Del resto Banfi ribadisce costantemente questo suo convincimento nel corso della sua ricerca. Si legge (un esempio tra i numerosissimi) ne L’uomo copernicano (pubblicato presso Mondadori nel 1950): «È il principio di un nuovo umanismo non più mitico né utopistico, ma realistico e storico, perché in esso è veramente trovato quel punto fermo su cui si può sollevare il mondo degli uomini, ed è trovato all’interno stesso della loro realtà».
E ancora. Il materialismo storico puntualizza Banfi, «in quanto teoria non solo della storia narrata, ma della storia agita, il suo sforzo per comporre una nuova unità in funzione dell’autonomia e dell’universalità dell’umano è lotta contro ogni evasione e contro ogni dogmatismo, è lotta per la liberazione della cultura da ogni forma di oscurantismo in un processo di costruzione aperta e infinita». Sì che «marxismo non è una filosofia o una storia, ma l’attualità della filosofia e della storia operante nella libertà della ragione». Tanto che, nel convincimento di Banfi, in questa nuova energia costruttiva (che rappresenta al grado più alto la potenza dell’uomo «copernicano») sta la forza risolutrice della crisi stessa come sua positiva validità storica. E Tortorella sottolinea come «qui, posizione teoretica e posizione ideologico-politica si sanno l’una in funzione dell’altra, secondo una cosciente circolarità che non può essere spezzata senza mutilare e deformare il pensiero». E senza eludere le conseguenze etico politiche che tale concezione della crisi comporta.

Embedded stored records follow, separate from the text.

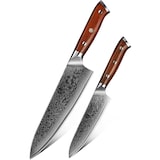 thumbnail of XinZuo - Damastmesser Set 2-teilig - B13R Yu series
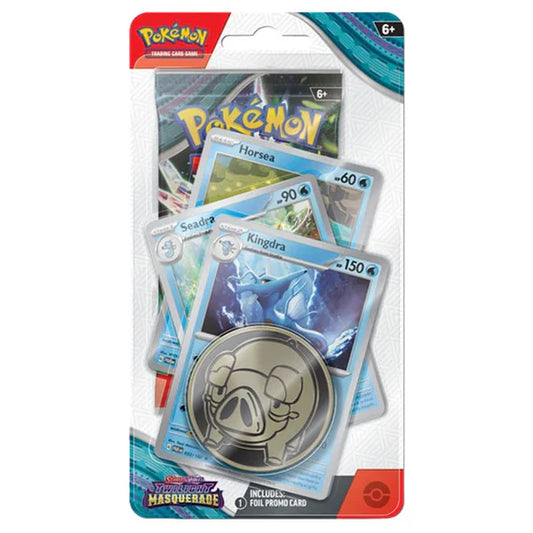 Pokemon TCG: Scarlet & Violet Twilight Masquerade Checklane Booster - Kingdra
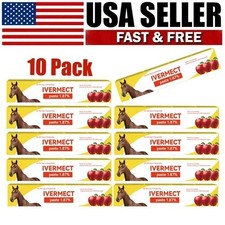 10 Packs In Box Paste Horse Dewormer Apple Flavor wormer Safe ingredients 4/2026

In certi appunti inediti del 1934, 1935 che vedranno la luce nel 1967 (La crisi, Milano, All’insegna del pesce d’oro) Banfi scrive: assumere la crisi «nella sua concretezza e quindi nella sua radicale positività come principio di volontà e di attività, per cogliere la problematica profonda dell’umanità, così che essa divenga la sua vita e la sua libertà in atto: destare questa coscienza per ora e per sempre: infinita inquietudine e infinita certezza». Inquietudine e certezza due parole che, pare a me, bene si attagliano alla figura e all’opera di Aldo Tortorella.